– Rudd mum on US troop boost, takes aim at Greens (ABC News, Nov. 12, 2011):
Foreign Minister Kevin Rudd has refused to give details of the extra military ties expected to be announced when US president Barack Obama visits Darwin next week.
Media reports suggest Mr Obama will announce the US will begin rotating Marines through a base in Darwin, with a new permanent presence on Australian soil.
Mr Rudd was asked today if he would confirm the report and he was very diplomatic in his response, but less so in comments directed at the Greens who have suggested any decision to boost US troop numbers should be put before Parliament.
Australia and the US have been working together for a year on ways to boost military cooperation.
They want to bring in more US troops to strategic areas including Darwin, as well as increase the number of joint exercises and the amount of training.
Mr Obama will announce the details during his visit. Defence Minister Stephen Smith has called it the biggest operational addition to the alliance since the 1980s.
But Mr Rudd was tight-lipped when questioned about the deal on the sidelines of talks leading up to the Asia Pacific Economic Cooperation (APEC) forum in Hawaii.
“It’s important to await for the president to visit Australia and for the president, together with the Prime Minister, to confirm what further defence cooperation arrangements we may have planned between the two countries,” he said.
Mr Rudd would not say if China has been advised about the change or confirm reports that US Marines will be stationed at Robertson Barracks in Darwin.
“It has always made national security sense to have a strong strategic alliance with the United States,” he said.
While Mr Rudd zipped it on the US base speculation, he unloaded on the Greens who want Parliament to consider any plan to boost troop numbers in Australia.
“The Green party does not direct Australian national security policy.
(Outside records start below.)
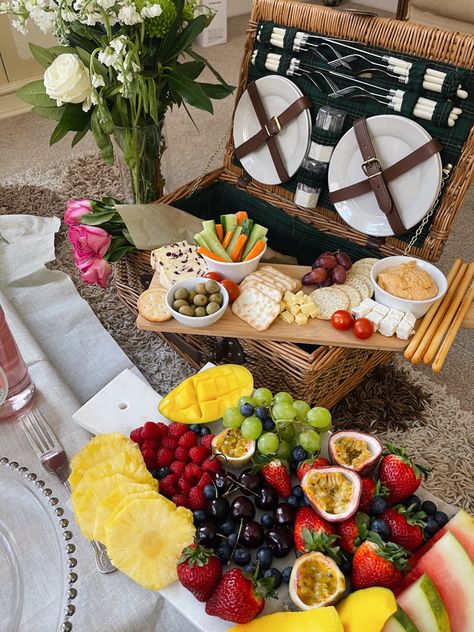 Indoor Picnic Aesthetic, Indoor Picnic Date Romantic, Indoor Picnic Birthday, Birthday Cheese Board, Indoor Picnic Date, Indoor Picnic, Birthday Vibes, Picnic Aesthetic, Picnic Birthday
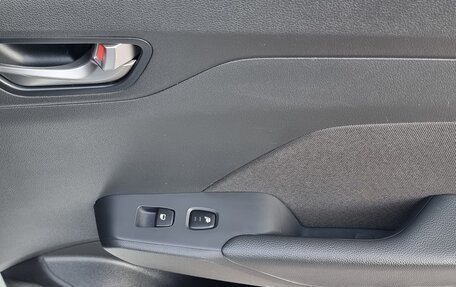 Hyundai Solaris II рестайлинг, 2019 год, 1 310 000 рублей, 21 фотография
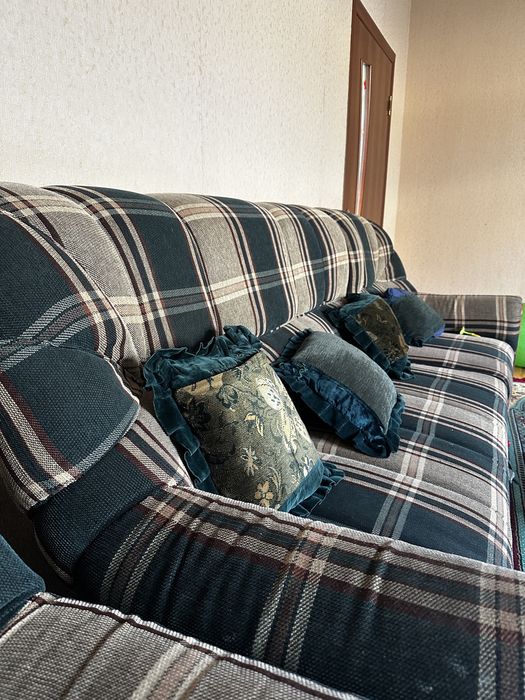 Диван с креслосымен бірге жағдайы жақсы , жаңасына ауыстырып жатырмыз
The Green party does not direct Australia foreign policy,” he said.
“These matters are matters of fundamental national interest in which we, as the Australian Government, engage in the deepest analysis and consideration and take decisions in the national interest.
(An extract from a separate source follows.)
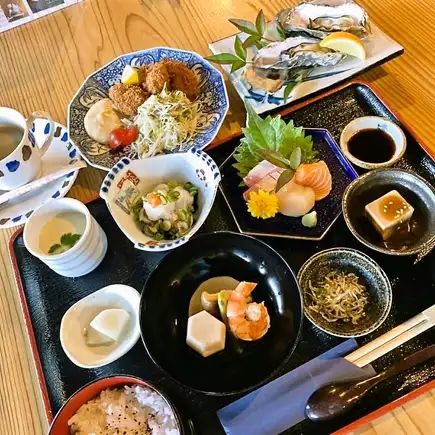 【ご馳走ランチ♪】 カキ御膳(冬季限定) 3630円(税込)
“I believe that is the right course of action and the one that has been pursued by the Australian Government under the leadership of the Prime Minister.”
The gloves were also clearly off too with regard to Tony Abbott.
Mr Rudd was asked about the Opposition Leader’s suggestion that Australia should not contribute to an IMF bailout in Europe.
Mr Abbott has since said Australia should not shirk its international responsibilities.
“I believe Mr Abbott is a policy risk for the country. Period. And I don’t simply make that observation randomly. I would not say that about all senior Liberal leaders,” Mr Rudd said.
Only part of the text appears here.